The Great Wall is a destination for families, hikers, couples, singles. From all over the world, people plan trips to see even a small section of this never-to-be-duplicated-again Chinese landmark and to take pictures reveling in the fact that they “made it” to their go-to place.
We watched as some families pulled little ones up by their arms, dangling short legs made weak by the climb. But with the determination that the whole family would scale The Wall, moms and dads cajoled, bribed, and encouraged until the goal could be reached.
Some folks literally ran with their little ones, a fact that didn’t escape us as we paused frequently just to catch our breath! (The Great Wall is not for the faint of heart, we came to understand.)
We noticed, too, the young people — what they wore (some in Western attire), how they talked on their phones (Yes, there’s evidently cellphone service on The Wall!), and how they snapped pictures of each other at every turn.
To protect themselves from the unrelenting sun, most people came prepared. Umbrellas (plain or frilly) were the shields of choice, but also popular were foldable hats, sunglasses, and various face coverings.

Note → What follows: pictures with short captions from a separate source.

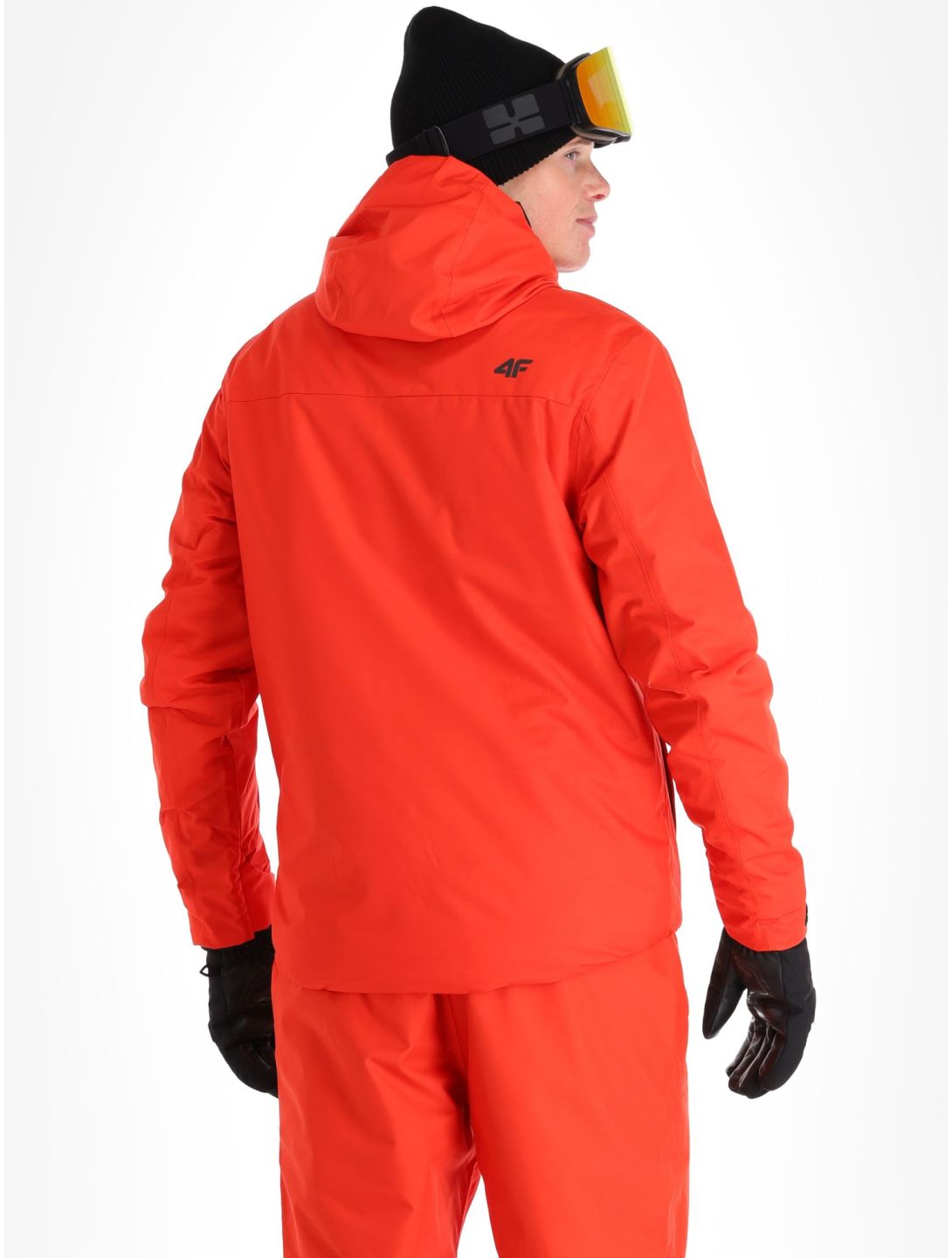 4F, Technical Jacket  M305 ski jacket men Red red 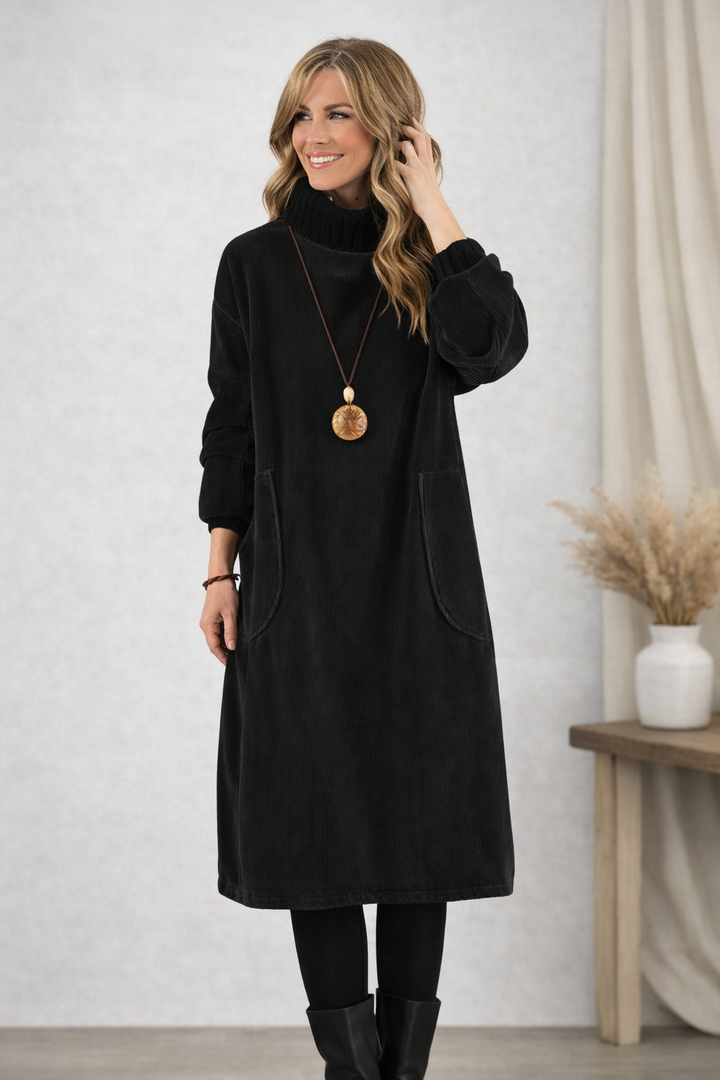 Emma™ | Knitted Midi Dress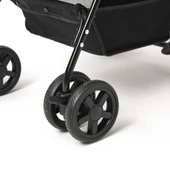 Zampa Norris Siyah Kedi Köpek Arabası - Katlanabilir, Şık ve Konforlu Taşıma SP02FL-B - 3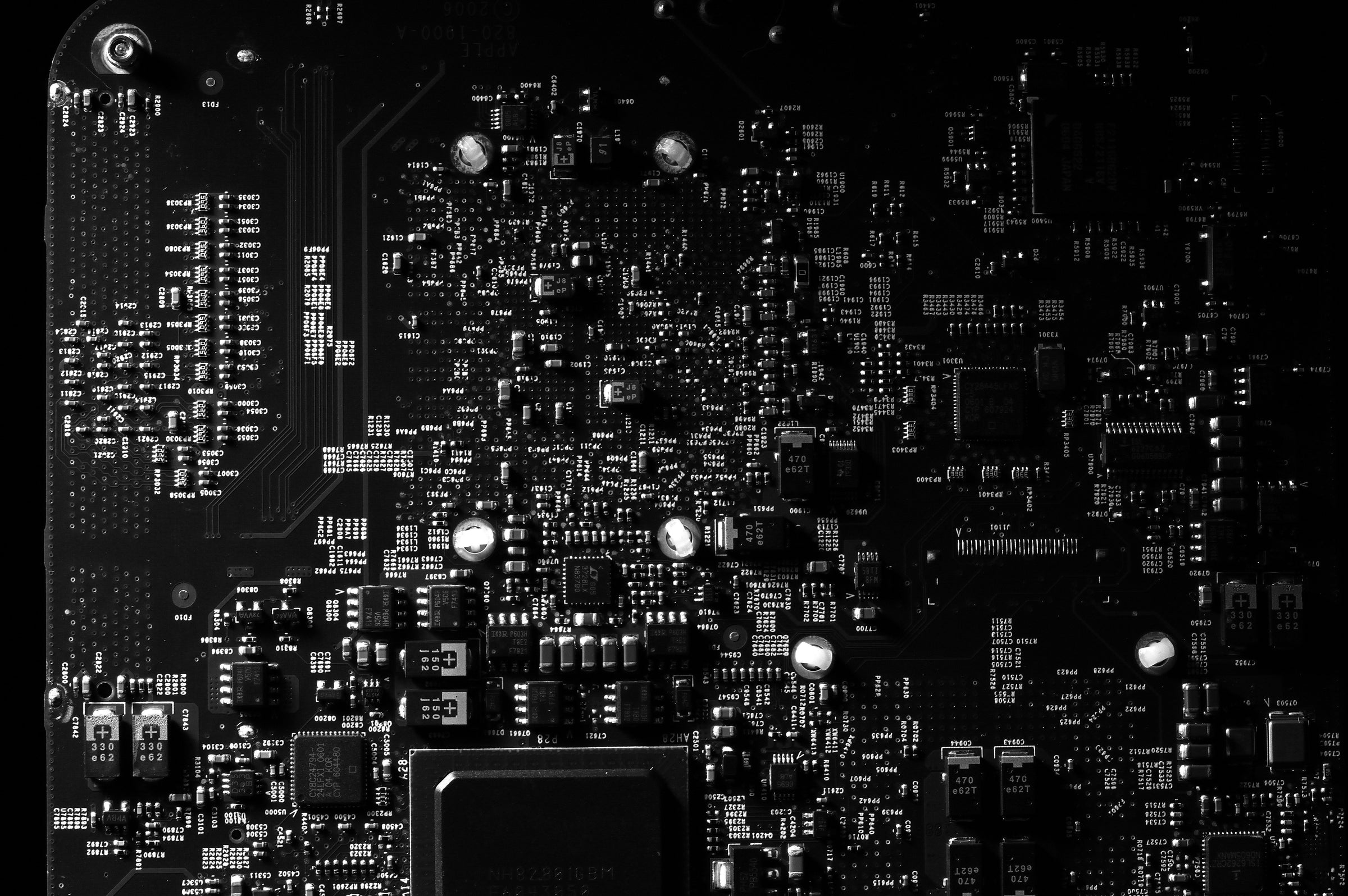 RISION newsletter PCB background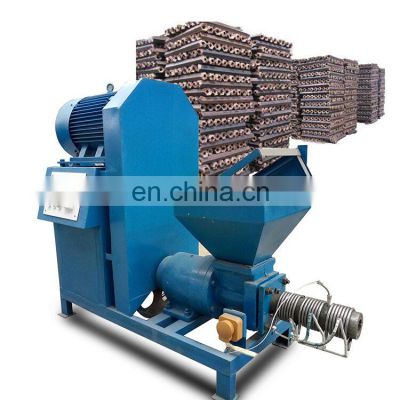 sawdust briquette compression machine 300kg/h Small Wood Sawdust Charcoal Briquette Making Machine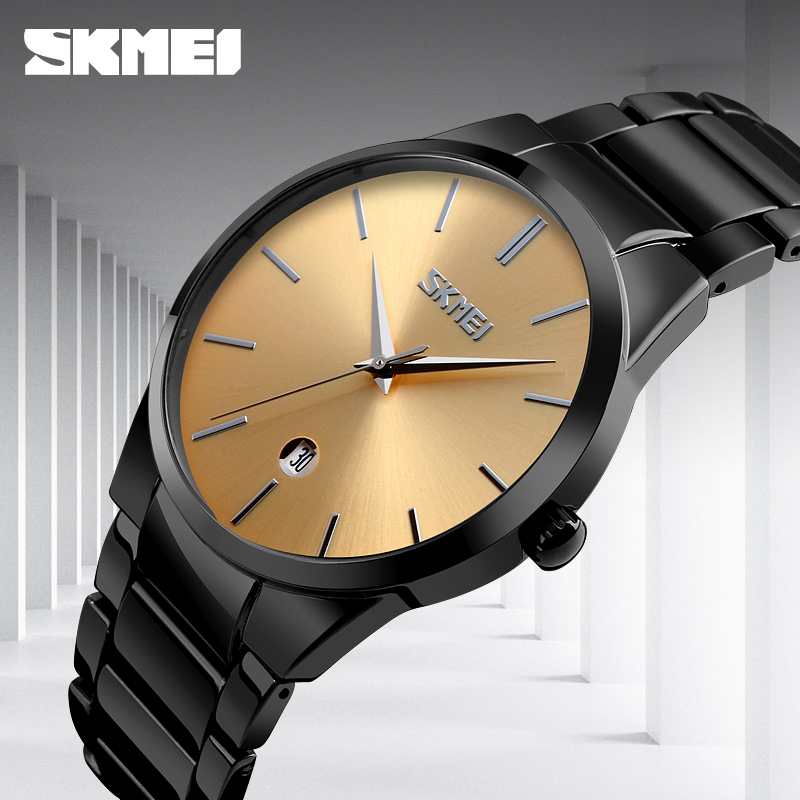 Watch Skmei 9140BKGD Black-Gold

Backpacks filled with bottled water, lunches and snacks, cameras, and washcloths made their way up the Great Wall, too, and families spread picnics wherever there was a level spot. Climbing the wall could be an all-day affair if your goal was to reach a distant watch tower or just one of the many jut-outs where people stood and pointed and talked about the scenery ahead.
And so, the greatness of the wall becomes the triumph of the people. The people who love their own country, the people (like us) who love visiting, and the people who “made it” to the point on the wall that was their goal for the day.
For whatever reason the people came, we noted one almost-universal feeling — that sense of accomplishment for seeing the Great Wall up close and personal!